The smallk_data repository contains several files (``articles_matrix.mtx``, ``articles_documents.txt``, ``articles_dictionary.txt``) that contain the matrix and associated text files created from 2,424 news articles.
First, we will need to import numpy and the shared libary:
.. code-block:: python
import numpy as np
import pysmallk
We then should apply the preprocessor to our data:
.. code-block:: python
p = pysmallk.Preprocessor()
p.load_matrix(filepath='smallk_data/articles_matrix.mtx')
p.load_dictionary(filepath='smallk_data/articles_dictionary.txt')
p.load_documents(filepath='smallk_data/articles_documents.txt')
We will begin with the default inputs and run preprocess:
.. code-block:: python
p.preprocess()
Instead of writing the results to files, we can get the outputs from the Preprocessor class and pass them directly as inputs to the SmallkAPI class.:
.. code-block:: python
reduced_docs = p.get_reduced_documents()
reduced_dict = p.get_reduced_dictionary()
reduced_scores = p.get_reduced_scores()
reduced_row_indices = p.get_reduced_row_indices()
reduced_col_offsets = p.get_reduced_col_offsets()
reduced_height = len(reduced_dict)
reduced_width = len(reduced_docs)
Now let's instantiate the SmallkAPI object that we will use to do further computations.:
.. code-block:: python
sk = pysmallk.SmallkAPI()
One of the options for matrix loading is to pass in the appropriate fields for a sparse matrix, as so:
.. code-block:: python
sk.load_matrix(buffer=reduced_scores, row_indices=reduced_row_indices, col_offsets=reduced_col_offsets, height=reduced_height, width=reduced_width, nz=len(reduced_scores))
The input matrix alone is sufficient to run NMF and compute the factor matricies.
.. code-block:: python
sk.nmf(5, 'BPP')
This will compute the W and H factor matrices and subsequently write them to the files w.csv and h.csv, respectively.
We can continue with further calcuations using the same input matrix.
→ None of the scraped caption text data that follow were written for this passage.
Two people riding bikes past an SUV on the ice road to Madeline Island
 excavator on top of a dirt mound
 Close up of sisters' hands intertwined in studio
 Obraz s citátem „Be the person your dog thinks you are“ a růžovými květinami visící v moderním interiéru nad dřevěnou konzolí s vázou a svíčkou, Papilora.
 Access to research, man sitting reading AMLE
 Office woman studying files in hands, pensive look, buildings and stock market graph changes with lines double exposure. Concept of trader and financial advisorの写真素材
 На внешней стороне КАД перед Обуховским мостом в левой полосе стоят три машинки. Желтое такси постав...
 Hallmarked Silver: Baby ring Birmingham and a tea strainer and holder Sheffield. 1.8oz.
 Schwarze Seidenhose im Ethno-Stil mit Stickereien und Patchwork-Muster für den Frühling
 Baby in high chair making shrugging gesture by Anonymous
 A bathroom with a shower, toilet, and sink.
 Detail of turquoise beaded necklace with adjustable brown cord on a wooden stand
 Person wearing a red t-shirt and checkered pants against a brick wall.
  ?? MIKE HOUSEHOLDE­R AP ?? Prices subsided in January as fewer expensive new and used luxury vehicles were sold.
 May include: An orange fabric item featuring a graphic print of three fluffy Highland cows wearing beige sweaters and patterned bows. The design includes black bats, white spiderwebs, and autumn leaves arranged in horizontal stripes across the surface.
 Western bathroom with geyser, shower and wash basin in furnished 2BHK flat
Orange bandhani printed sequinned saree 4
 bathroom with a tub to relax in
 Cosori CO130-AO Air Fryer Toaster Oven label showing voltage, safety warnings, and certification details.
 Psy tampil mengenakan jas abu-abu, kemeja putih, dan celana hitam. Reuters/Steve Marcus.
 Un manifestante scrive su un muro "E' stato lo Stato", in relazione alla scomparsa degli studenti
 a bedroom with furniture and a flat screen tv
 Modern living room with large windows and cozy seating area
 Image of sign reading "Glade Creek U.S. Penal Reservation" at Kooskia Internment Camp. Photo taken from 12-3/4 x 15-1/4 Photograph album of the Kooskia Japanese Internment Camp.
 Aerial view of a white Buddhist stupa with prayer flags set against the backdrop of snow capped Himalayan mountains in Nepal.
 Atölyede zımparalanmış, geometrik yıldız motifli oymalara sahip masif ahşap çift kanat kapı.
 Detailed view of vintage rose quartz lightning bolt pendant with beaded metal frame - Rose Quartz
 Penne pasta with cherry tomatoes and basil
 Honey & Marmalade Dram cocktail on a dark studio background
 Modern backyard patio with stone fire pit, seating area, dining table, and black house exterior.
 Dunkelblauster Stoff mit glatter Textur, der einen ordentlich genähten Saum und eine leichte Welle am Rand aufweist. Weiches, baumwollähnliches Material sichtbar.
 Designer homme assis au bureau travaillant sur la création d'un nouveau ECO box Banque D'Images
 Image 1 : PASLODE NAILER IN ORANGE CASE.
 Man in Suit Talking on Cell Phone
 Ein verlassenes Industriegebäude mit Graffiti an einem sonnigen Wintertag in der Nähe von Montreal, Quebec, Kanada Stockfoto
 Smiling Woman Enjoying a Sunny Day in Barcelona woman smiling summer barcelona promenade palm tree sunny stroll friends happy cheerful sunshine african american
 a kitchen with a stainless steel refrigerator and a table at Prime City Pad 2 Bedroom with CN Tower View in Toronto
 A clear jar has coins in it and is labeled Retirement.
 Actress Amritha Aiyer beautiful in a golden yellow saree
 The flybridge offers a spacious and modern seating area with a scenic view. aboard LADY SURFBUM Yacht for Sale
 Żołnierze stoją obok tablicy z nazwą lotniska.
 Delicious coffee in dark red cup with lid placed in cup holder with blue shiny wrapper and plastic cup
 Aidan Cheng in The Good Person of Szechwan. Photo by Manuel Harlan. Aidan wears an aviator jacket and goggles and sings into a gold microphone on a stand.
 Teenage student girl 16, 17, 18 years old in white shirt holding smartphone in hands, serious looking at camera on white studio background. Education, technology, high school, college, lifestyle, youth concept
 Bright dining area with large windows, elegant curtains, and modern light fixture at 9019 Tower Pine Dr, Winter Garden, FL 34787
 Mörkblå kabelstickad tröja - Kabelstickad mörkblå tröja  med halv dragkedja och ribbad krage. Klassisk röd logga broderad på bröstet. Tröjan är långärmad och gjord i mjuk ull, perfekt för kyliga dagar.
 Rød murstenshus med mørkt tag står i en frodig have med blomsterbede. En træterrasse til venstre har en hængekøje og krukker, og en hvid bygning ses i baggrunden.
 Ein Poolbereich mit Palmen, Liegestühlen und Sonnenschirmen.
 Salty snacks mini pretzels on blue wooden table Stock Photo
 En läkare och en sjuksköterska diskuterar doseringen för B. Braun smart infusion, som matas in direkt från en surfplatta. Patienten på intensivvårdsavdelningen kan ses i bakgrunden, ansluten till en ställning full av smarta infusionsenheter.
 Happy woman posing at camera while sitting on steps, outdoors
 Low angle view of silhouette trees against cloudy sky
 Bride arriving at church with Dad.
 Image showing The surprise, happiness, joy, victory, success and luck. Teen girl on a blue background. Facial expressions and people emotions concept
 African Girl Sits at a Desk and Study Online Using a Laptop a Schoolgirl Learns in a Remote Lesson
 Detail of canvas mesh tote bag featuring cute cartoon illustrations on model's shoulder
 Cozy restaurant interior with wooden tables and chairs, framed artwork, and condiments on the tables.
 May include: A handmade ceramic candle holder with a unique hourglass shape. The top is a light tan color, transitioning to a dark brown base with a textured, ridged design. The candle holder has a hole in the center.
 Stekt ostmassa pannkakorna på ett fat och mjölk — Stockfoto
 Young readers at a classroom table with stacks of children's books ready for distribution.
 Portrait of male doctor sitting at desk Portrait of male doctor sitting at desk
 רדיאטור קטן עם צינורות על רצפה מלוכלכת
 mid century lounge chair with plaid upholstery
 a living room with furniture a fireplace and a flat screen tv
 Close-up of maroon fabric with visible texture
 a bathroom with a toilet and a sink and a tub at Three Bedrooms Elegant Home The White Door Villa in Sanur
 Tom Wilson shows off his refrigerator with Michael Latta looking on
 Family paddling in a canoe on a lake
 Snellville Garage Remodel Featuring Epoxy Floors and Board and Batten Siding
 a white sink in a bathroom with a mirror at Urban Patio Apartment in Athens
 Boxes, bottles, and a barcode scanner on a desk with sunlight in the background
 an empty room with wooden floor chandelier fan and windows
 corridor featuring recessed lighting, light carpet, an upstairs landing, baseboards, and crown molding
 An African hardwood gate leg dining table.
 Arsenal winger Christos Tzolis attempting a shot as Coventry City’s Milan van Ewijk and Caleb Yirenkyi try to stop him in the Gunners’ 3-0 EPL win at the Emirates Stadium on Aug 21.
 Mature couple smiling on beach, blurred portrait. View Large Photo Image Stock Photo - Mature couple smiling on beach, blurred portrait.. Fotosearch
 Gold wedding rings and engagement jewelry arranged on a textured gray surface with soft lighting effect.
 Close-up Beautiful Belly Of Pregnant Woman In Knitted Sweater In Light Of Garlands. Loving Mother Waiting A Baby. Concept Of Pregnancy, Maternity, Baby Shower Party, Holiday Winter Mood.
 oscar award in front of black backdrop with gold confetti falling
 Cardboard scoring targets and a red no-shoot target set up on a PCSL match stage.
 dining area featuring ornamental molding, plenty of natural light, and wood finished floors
For example, we can extract topic models from the input matrix if we also provide a dictionary.
.. code-block:: python
sk.load_dictionary(dictionary=reduced_dict)
sk.hiernmf2(5)
This will use Hierarchical NMF to determine the final leaf nodes to use for the topic models and will output assignments_5.csv (cluster labels) and tree_5.xml.
Now let's say we want to create our own random matrix and pass that as a numpy matrix into SmallK.
.. code-block:: python
a = np.random.random((256, 256))
In order to run the Hierclust or Flatclust applications, we will need to provide a dictionary file from which to select the top terms.
.. code-block:: python
pathtodict = args.indir + 'reuters_dictionary.txt'
with open(pathtodict) as dictionary:
terms = dictionary.read().split("\n")
For illustration, let's use the Flatclust object and extract the resulting assignments from running NMF.
.. code-block:: python
f = pysmallk.Flatclust()
f.load_matrix(matrix=a)
f.load_dictionary(dictionary=terms)
f.cluster(16, algorithm='HALS')
a = f.get_assignments()
Now the variable 'a' holds a list of the computed assignment labels for each of the 256 elements in our original matrix.
When we are finished, we should clean up the environment before exiting:
.. code-block:: python
sk.finalize()
f.finalize()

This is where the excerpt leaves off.